En 1608, la maladie de sa mère décide Rubens à quitter l’Italie pour rejoindre Anvers. La prospérité y est revenue grâce à la paix signée entre l’Espagne et les Provinces-Unies (traité d’Anvers, avril 1609). En septembre 1609, il est nommé peintre officiel de la cour des archiducs Albert et Isabelle qui règnent sur les Flandres méridionales (actuelle Belgique). Soulignons que ce territoire catholique dépend du royaume d’Espagne alors que les provinces du Nord (actuels Pays-Bas) ont fait sécession.

Les toiles réunies dans la troisième salle (fond rouge), sont dues soit à l’artiste lui-même, soit à son atelier sous l’œil du maître, soit à Cornelis De Vos (1584-1651), Rubens y apportant la touche finale. Ils peuvent encore résulter d’une collaboration avec Jan Breughel l’Ancien, dit Breughel de Velours (1568-1625). Ce sont des portraits de l’archiduc Albert (1559-1621) et de son épouse l’infante Isabelle Claire Eugénie (1566-1633). Ils ont été peints dans les années 1615/1620. Arrêtons-nous sur la sobriété de la tenue des gouverneurs des Pays-Bas espagnols ainsi que sur les attributs de leur pouvoir. Dans le domaine du portrait d’Etat à caractère officiel et donc de nature politique, tout est codifié. Chaque élément a son importance ! Le même « exercice » s’appliquera aux portraits des souverains espagnols, Philippe IV et Elisabeth de Bourbon puis du roi de France Louis XIII et de son épouse Anne d’Autriche.

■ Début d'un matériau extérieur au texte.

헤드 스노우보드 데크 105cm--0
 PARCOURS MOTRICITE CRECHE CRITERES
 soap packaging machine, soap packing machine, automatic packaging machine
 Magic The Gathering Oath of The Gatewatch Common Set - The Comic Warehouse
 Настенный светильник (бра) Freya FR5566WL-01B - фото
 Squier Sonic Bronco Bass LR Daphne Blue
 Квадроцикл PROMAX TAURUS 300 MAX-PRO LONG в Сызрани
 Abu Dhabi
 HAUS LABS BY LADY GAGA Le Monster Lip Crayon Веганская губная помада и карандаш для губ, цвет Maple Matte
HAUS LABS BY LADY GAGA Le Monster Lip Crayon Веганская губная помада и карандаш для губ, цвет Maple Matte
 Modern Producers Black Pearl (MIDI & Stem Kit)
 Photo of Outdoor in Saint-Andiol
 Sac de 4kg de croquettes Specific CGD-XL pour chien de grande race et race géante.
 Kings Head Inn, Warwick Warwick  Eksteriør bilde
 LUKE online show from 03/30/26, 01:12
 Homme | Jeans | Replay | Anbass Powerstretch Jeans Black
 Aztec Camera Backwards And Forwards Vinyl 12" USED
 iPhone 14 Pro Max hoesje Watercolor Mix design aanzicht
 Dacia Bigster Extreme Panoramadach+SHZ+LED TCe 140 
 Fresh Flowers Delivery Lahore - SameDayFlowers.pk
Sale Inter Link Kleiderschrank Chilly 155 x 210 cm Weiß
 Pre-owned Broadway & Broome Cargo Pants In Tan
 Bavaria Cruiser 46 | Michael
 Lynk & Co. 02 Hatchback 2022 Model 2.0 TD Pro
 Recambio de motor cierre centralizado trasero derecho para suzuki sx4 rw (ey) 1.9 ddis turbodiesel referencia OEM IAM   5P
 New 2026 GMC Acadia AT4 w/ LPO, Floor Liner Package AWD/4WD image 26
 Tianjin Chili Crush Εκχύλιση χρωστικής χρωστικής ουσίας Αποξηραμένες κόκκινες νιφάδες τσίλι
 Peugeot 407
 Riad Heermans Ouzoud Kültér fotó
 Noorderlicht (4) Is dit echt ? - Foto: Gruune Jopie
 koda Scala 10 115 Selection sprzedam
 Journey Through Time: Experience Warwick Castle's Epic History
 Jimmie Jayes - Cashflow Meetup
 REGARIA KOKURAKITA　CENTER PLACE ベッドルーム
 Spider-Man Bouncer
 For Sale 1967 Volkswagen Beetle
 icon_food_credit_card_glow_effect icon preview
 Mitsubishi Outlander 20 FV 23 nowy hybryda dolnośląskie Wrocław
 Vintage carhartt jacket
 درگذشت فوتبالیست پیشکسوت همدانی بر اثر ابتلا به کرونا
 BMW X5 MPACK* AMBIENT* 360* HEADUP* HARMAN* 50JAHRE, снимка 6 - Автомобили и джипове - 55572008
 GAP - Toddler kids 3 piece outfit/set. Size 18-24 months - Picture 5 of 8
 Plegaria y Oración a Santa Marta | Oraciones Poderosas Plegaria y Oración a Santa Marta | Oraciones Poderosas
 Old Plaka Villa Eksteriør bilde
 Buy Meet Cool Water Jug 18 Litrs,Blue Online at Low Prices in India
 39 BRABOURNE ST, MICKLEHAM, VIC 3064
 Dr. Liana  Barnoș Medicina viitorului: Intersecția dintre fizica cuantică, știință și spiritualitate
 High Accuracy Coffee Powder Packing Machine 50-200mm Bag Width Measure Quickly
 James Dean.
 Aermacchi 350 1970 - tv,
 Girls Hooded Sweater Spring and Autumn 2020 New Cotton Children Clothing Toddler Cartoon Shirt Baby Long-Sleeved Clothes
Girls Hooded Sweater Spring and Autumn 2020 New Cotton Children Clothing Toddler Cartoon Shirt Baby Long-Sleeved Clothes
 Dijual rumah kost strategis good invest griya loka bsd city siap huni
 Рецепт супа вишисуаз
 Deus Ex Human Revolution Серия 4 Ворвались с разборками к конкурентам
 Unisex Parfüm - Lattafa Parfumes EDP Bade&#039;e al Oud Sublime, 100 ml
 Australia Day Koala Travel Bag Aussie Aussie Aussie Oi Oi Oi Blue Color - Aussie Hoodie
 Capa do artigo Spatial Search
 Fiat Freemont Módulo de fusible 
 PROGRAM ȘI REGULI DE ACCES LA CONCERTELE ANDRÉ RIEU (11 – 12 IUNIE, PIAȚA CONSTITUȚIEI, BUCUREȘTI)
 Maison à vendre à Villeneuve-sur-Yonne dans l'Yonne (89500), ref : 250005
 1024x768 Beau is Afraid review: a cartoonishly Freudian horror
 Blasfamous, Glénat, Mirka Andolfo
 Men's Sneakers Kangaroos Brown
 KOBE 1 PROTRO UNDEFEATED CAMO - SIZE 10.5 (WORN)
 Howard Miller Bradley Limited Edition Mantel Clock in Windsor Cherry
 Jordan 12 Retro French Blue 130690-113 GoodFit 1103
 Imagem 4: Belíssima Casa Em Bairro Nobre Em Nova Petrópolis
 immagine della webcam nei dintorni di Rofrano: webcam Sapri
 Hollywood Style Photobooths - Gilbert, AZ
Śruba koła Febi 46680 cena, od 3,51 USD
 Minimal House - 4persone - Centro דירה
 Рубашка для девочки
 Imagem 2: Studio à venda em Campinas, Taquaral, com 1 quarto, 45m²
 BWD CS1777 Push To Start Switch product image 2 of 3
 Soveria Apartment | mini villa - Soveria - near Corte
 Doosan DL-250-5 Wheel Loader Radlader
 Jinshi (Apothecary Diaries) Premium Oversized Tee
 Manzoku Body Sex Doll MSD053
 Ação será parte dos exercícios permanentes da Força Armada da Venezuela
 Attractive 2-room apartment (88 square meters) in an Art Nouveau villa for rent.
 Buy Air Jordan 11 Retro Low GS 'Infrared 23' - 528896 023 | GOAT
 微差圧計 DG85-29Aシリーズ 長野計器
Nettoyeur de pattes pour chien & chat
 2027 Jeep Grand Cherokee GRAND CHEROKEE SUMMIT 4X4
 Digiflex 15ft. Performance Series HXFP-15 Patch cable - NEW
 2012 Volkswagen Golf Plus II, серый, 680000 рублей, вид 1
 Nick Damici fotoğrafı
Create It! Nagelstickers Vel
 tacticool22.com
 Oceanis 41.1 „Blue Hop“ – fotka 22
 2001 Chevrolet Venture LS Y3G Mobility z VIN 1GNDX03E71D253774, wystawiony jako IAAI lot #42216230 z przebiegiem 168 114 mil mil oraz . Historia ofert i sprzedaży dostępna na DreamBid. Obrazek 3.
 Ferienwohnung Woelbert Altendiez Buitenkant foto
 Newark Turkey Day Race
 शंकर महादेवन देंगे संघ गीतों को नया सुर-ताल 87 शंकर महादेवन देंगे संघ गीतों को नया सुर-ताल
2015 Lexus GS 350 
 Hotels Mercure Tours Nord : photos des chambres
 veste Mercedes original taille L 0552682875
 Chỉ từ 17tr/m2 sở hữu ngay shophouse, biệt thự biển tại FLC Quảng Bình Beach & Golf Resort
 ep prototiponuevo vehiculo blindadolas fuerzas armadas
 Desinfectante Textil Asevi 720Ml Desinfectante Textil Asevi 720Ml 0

D’aucuns seront surpris par la couleur noire de ces costumes ! Elle est la parfaite image d’un « chic sévère » très en vogue tant à la cour de Bruxelles qu’à la cour d’Espagne. Sur le portrait de l’archiduc daté de 1616, l’habit de cour en satin noir n’est « éclairé » que par des boutons dorés ainsi que par une fraise blanche et des manchettes en dentelle également blanches. Il porte le collier de l’ordre de la Toison d’or qui souligne son ascendance bourguignonne, son père étant Maximilien II d’Autriche. De l’épée, attribut traditionnel de la noblesse, seul apparaît le pommeau derrière sa main gauche. Le couvre-chef, ici posé sur une table recouverte d’un drap vert, participe également du rôle de chef militaire du souverain. La tenue de l’archiduchesse offre le même contraste entre l’étoffe luxueuse de sa robe noire et la blancheur de la fraise, des larges manchettes et du mouchoir tenu dans sa main gauche. Ce dernier, d’une blancheur immaculée, bordé de dentelle est un accessoire habituel du portrait d’apparat féminin. A l’image de son époux, elle pose la main droite sur un meuble, ici un fauteuil recouvert de tissu vert. Quant aux bijoux, remarquons l’imposant collier de perles, la croix latine destinée à affirmer la religion catholique de l’infante née en Espagne et souveraine d’un pays en lutte contre les Provinces-Unies protestantes. De même ordre est le médaillon ovale orné d’une Vierge à l’Enfant.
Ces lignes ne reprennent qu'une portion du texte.